Like-for-like, i.e. based on a comparable structure and identical exchange rates, the sales growth of the L'Oréal group was +5.4%.
The net impact of changes in consolidation was +1.0%.
Currency fluctuations had a negative impact of -1.7%. If the exchange rates at June 28th, 2013, i.e.
€1 = $1.308, are extrapolated up to December 31st, the impact of currency fluctuations on sales would be approximately -2.8% for the whole of 2013.
Growth at constant exchange rates was +6.4%.
Based on reported figures, the Group's sales at June 30th, 2013 amounted to 11.738 billion euros, an increase of +4.7%.

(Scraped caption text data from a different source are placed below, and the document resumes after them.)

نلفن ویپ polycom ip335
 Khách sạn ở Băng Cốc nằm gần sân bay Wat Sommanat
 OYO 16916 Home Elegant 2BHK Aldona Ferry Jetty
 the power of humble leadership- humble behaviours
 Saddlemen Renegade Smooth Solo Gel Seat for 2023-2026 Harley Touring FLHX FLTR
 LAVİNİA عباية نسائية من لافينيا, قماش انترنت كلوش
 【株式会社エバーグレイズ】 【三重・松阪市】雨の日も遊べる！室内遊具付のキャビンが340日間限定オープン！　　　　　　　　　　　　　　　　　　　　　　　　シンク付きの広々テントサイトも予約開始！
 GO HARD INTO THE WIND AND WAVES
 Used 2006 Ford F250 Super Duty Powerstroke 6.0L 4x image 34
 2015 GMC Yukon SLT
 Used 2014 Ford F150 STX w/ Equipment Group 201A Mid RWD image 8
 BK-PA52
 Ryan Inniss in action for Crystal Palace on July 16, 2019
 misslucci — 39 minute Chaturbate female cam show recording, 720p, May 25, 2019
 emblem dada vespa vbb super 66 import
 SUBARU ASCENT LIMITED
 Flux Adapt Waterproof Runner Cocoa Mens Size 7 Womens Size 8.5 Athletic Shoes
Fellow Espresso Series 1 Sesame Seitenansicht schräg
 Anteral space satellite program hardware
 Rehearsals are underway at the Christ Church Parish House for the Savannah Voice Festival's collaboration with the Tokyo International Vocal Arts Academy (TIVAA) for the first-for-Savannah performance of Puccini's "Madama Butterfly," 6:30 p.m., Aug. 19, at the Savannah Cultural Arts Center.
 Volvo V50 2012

Sales by operational division and geographic zone

2nd quarter 2013 1st half 2013
Growth Growth
€m Like-for-like Reported €m Like-for-like Reported
By operational division
Professional Products 779.3 2.7% 1.5% 1,531.8 1.4% 0.6%
Consumer Products 2,802.2 6.1% 4.7% 5,723.0 6.3% 5.1%
L'Oréal Luxe 1,404.7 5.5% 5.1% 2,826.8 6.4% 6.6%
Active Cosmetics 409.5 8.6% 7.2% 907.1 7.8% 6.6%
Cosmetics total 5,395.7 5.6% 4.5% 10,988.7 5.7% 4.9%
By geographic zone
Western Europe 1,908.5 1.7% 1.3% 3,899.0 1.7% 1.6%
North America 1,371.7 4.5% 4.9% 2,743.2 5.4% 6.7%
New Markets, of which: 2,115.4 10.3% 7.3% 4,346.6 9.9% 7.0%
      -   Asia, Pacific 1,051.8 8.2% 4.5% 2,240.2 8.0% 5.1%
      -   Latin America 507.7 15.2% 13.2% 966.3 13.5% 9.6%
      -   Eastern Europe 355.4 7.5% 5.1% 745.1 8.4% 6.7%
      -   Africa, Middle East 200.6 15.1% 12.8% 394.9 15.1% 12.3%
Cosmetics total 5,395.7 5.6% 4.5% 10,988.7 5.7% 4.9%
   The Body Shop 186.9 -0.8% -3.4% 368.8 0.5% -1.4%
   Dermatology(1) 223.9 0.8% 4.2% 380.6 0.3% 3.3%
Group total 5,806.5 5.2% 4.2% 11,738.1 5.4% 4.7%


(1) Group share, i.e. 50%.


1) Cosmetics sales


The Professional Products Division recorded growth of +1.4% like-for-like and +0.6% based on reported figures. The mature markets are still proving difficult, particularly in southern Europe, while the Division continues to be dynamic in the New Markets and is actively pursuing its policy of recruiting new salons. 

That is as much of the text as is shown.